**PROBLEM DESCRIPTION**:
For the records below, report how many lines include the word "Ultra". Only the number should appear.

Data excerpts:
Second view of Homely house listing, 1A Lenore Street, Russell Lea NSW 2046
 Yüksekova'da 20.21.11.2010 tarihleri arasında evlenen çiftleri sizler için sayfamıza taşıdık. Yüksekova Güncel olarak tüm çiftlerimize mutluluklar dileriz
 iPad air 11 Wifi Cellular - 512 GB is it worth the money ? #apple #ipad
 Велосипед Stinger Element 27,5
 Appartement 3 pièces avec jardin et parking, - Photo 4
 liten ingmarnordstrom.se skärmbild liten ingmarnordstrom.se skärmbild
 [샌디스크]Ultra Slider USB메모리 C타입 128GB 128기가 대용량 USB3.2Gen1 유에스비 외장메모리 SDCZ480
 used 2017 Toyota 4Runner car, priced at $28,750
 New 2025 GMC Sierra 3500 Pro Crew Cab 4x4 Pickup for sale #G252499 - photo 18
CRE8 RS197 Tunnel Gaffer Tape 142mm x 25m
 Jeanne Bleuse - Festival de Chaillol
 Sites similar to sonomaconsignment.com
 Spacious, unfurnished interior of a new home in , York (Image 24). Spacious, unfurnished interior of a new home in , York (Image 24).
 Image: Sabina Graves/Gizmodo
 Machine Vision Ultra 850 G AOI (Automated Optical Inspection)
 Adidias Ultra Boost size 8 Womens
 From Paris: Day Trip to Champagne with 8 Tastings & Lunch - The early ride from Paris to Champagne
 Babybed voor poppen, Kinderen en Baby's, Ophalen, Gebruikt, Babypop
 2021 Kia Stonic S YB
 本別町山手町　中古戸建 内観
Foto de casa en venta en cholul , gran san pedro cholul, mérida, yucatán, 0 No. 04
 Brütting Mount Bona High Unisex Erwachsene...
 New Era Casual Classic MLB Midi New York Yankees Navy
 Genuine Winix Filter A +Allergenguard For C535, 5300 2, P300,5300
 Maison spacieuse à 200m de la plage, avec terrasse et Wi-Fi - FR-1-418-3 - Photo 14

**SOLUTION TO THE EXERCISE**:
3